This post celebrates the launch of the Aickman Studies website (http://www.aickmandata.com/aickmanstudies.html), covering the work of Robert Aickman (1914-1981), a highly original yet very typical Englishman, who produced some of the most unsettling – and elegant – dark tales of the post-war era. Well enough established yet little recognized in his lifetime, he has steadily grown since to cult status, as his work outlasts literary fashions. Winner of the World Fantasy Award and the British Fantasy Award, and longtime editor of the Fontana Book of Great Ghost Stories, Aickman remained nonetheless a very minority taste until quite recently – something he even might have been pleased about.

robert aickmanOne reason that appreciation found Aickman late is that his work is very difficult to comprehend and digest. As Rebekah Memel Brown writes in her opening article for this first issue of this online journal of Aickman studies, “Aickman is a master of literary subterfuge, using constant misdirection and implication of a deeper truth. While reading his strange stories, one must use deduction to separate the the facts from the disinformation and be willing to make, at best, an educated guess at the true story and underlying figurative meaning of the piece. This is often based on mere inferences. There are always unresolved loose ends.”

As this passage suggests, this is difficulty is not a matter of arcane knowledge or deliberately obscure scholarship in the Mandarin manner of Pound. Aickman pieces together jigsaw puzzles where many pieces are missing and others are blank. He had that very English trouble with directness on certain subjects that gives good early training in obscurity. Aickman was married for a time, but his stories breathe sexual difficulty. And he was evidently never on good enough terms with the modern world to have an easy dialog with it, though he hardly ever let his objections approach anywhere near a systematic critique. His position and attitude in public life can be gauged by his co-creation of the Inland Waterways Association, dedicated to the preservation of Britain’s canal network. He also reserved most of his forces for the short story, not a format that often lets an author break into public view.
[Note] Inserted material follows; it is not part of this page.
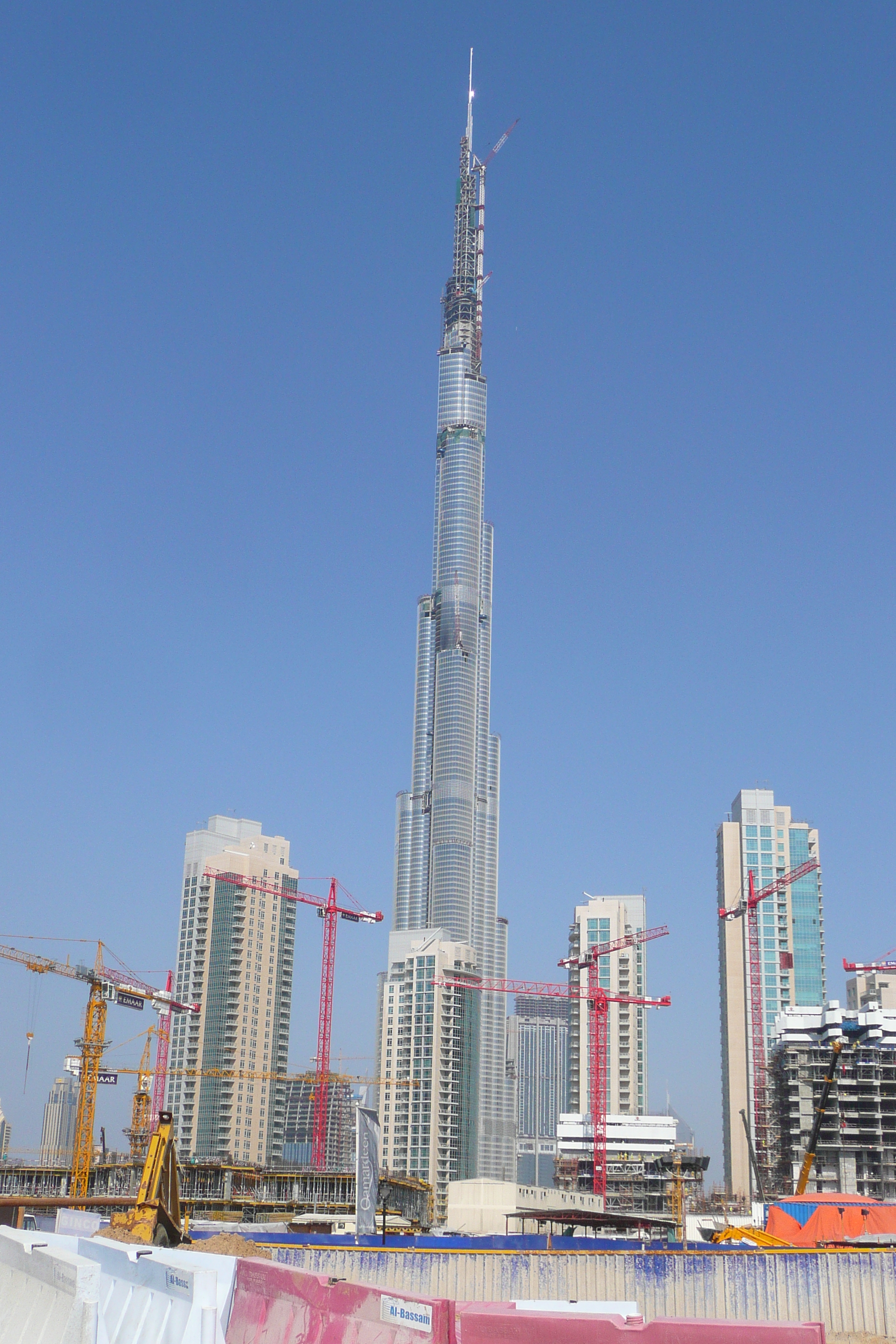 Picture United Arab Emirates Dubai Burj Dubai 2009-01 28 - Around Burj Dubai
Some at least of the almost 50 strange stories he produced in his lifetime are available as ebooks, and can be found via the Amazon Robert Aickman page. I’d recommend starting with Cold Hand In Mine, which not only includes his World Fantasy Award winning story “Pages from a Young Girl’s Journal,” but also “Niemandswasser,” one of his other best historical excursions outside post-war British grime, and “The Same Dog,” which will not bark in the night time without waking you in a cold sweat – among others equally good. But almost any point of entry is good, not least as his literary style and easy command of English is breathtakingly effortless.

Sadly, many of Aickman’s other tales are still very hard to come by, although Tartarus Press is doing its best with some beautiful (albeit expensive) print editions. I hope that changes for the better soon, as there are reports of an unpublished novel in his papers due for release soon. Aickman is the kind of writer who leaves you feeling that the more is revealed, the more his stature will increase – as will his power to disturb.